> Provided material:
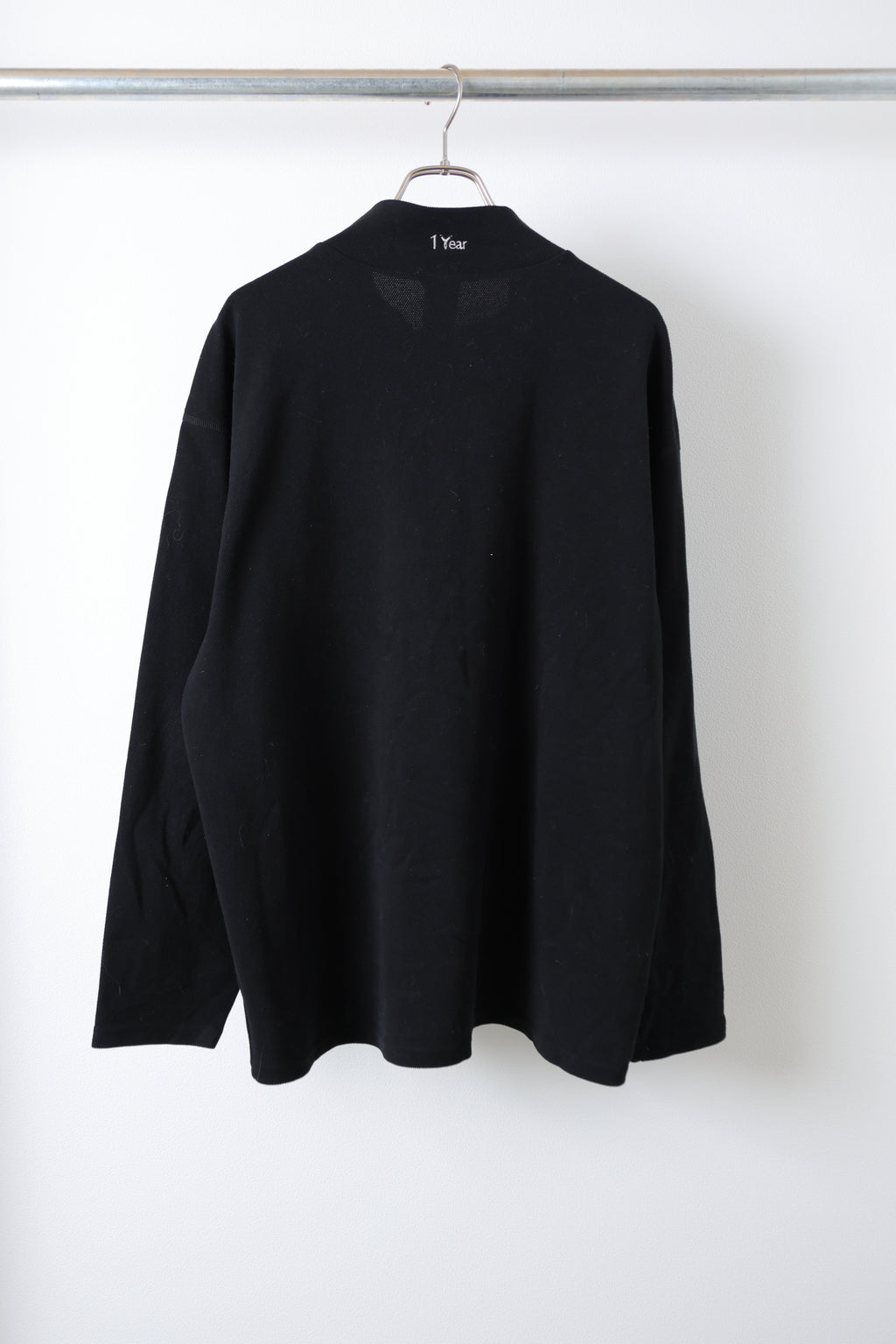 Light Weight Fleece Jacket [USED]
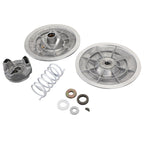 Secondary Driven Clutch Assembly for 1985-2007 Yamaha G Series 4 Stroke Golf Carts G2 G9 G14 G16 G20 G22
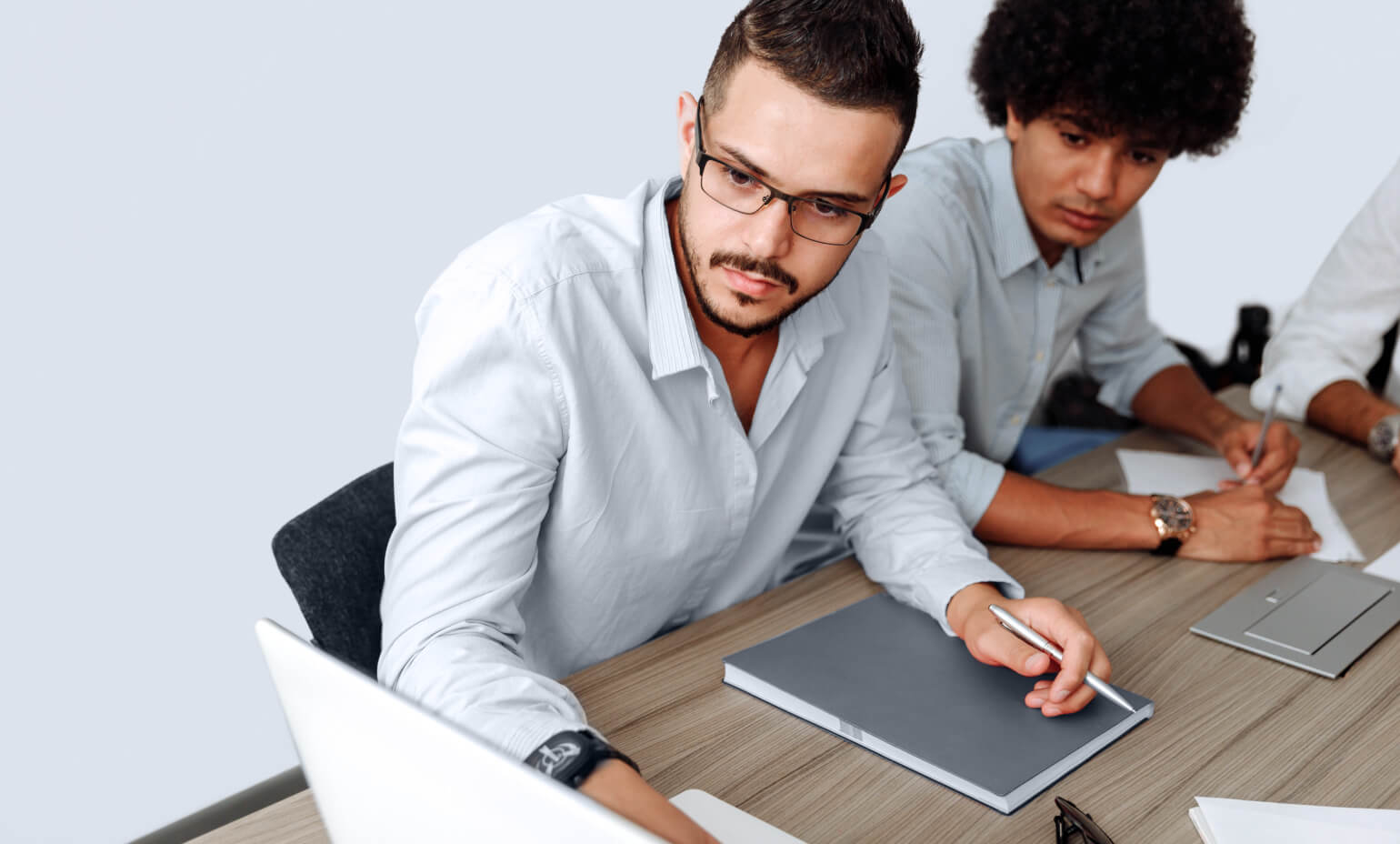 Check-list, do I dig testing?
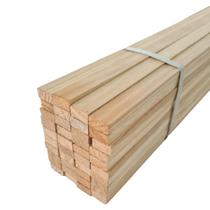 50 Ripas Sarrafos Pinus 1x2x30cm Aplainado Artesanato 50 Ripas Sarrafos Pinus 1x2x30cm Aplainado Artesanato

> Try it: Copy only the lines running from the one that holds "Secondary Driven Clutch" through the last line of the data, and include both of those lines. Do not copy any pictures.

> Solution for this task:
 Secondary Driven Clutch Assembly for 1985-2007 Yamaha G Series 4 Stroke Golf Carts G2 G9 G14 G16 G20 G22
 Check-list, do I dig testing?
 50 Ripas Sarrafos Pinus 1x2x30cm Aplainado Artesanato 50 Ripas Sarrafos Pinus 1x2x30cm Aplainado Artesanato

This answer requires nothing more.